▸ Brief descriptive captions
- - - - -

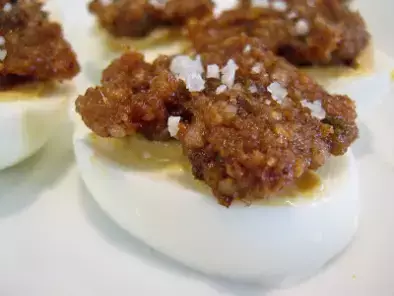 Haroset With Dijon Mustard On Hard Boiled Eggs Sprinkled With Sea Salt - photo 3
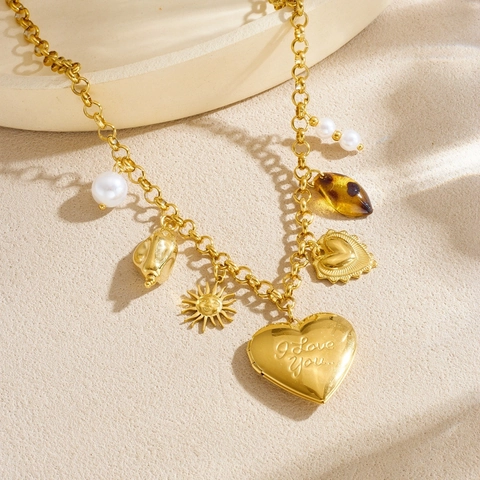 Collar Acero Inoxidable Chapado Oro Múltiples Colgantes Relicario Corazón Sol Concha Perla Artificial Joyería Vintage Mujer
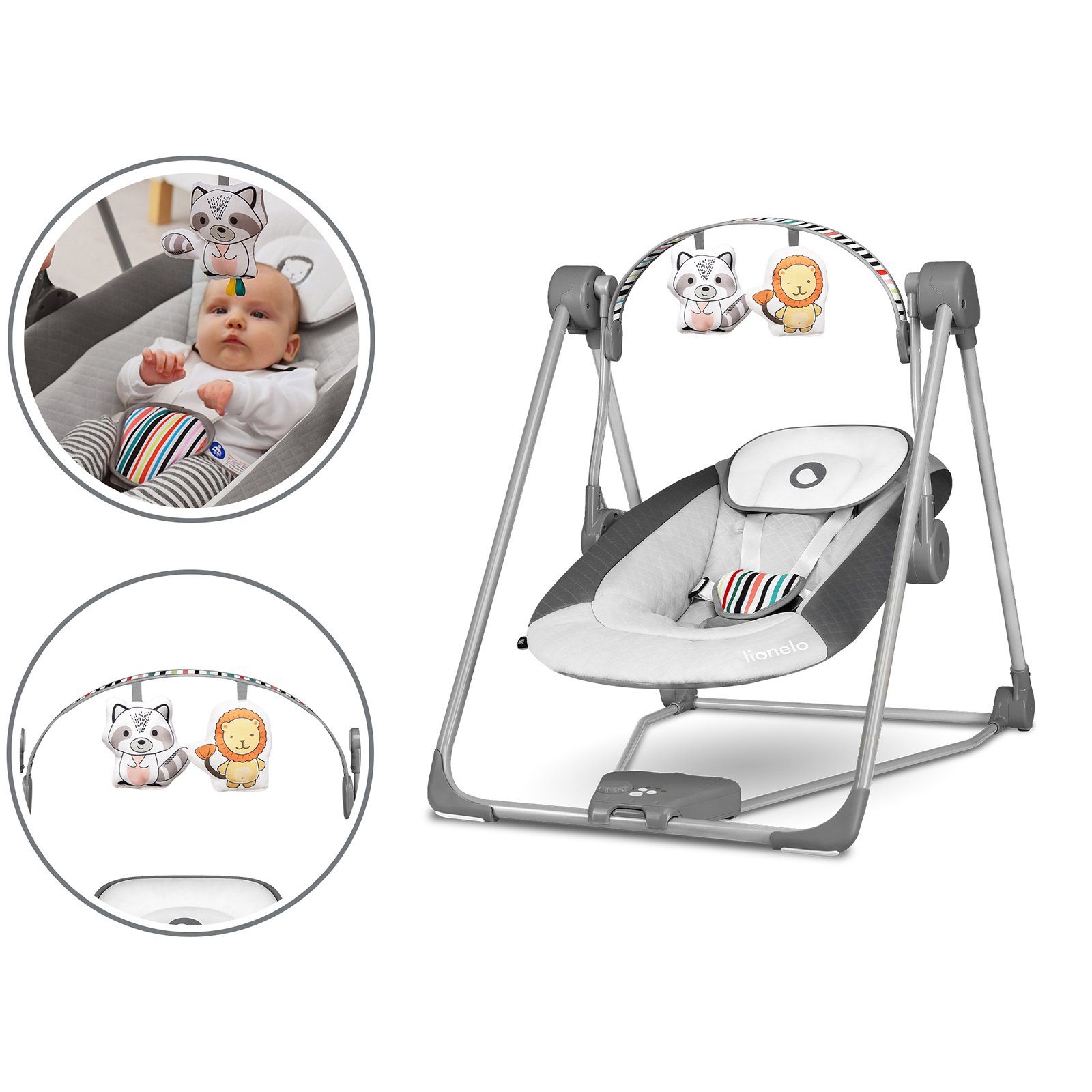 lionelo Babyschaukel LO-OTTO, Spielzeug Karussell, Sicher und stabil, Wippfunktion, 0+ bis 9 kg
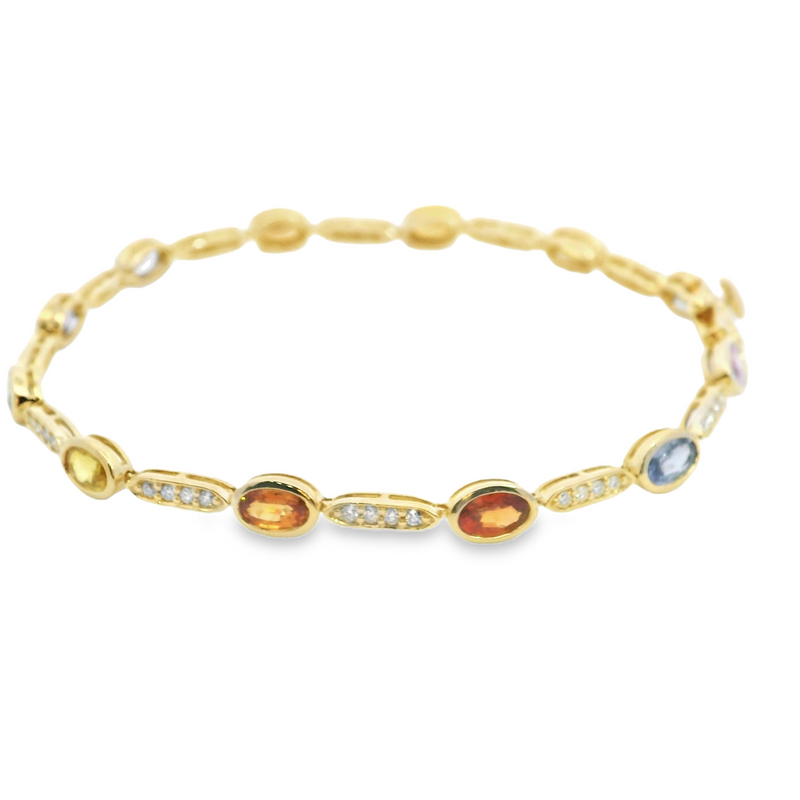 14K YG Rainbow Sapphire & Diamond Tennis Bracelet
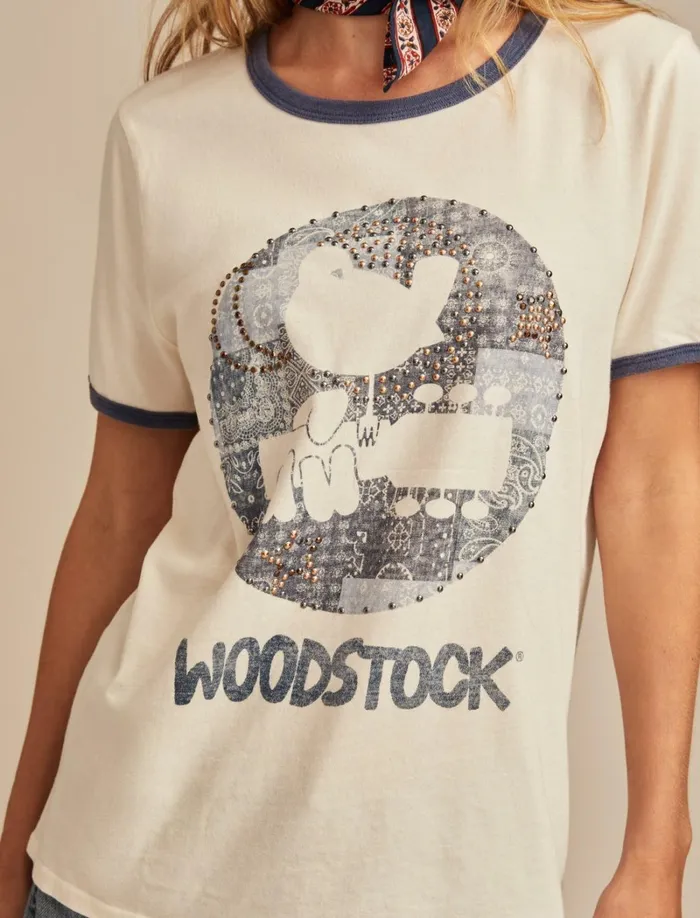 Lucky Brand Graphic Tees Women Woodstock Bandana Ringer Whisper White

- - - - -

▸ TASK INSTRUCTIONS
Omit the pictures and retype exactly the lines from the one containing "14K YG Rainbow" through the end of the entries above.

▸ SOLUTION BELOW
 14K YG Rainbow Sapphire & Diamond Tennis Bracelet
 Lucky Brand Graphic Tees Women Woodstock Bandana Ringer Whisper White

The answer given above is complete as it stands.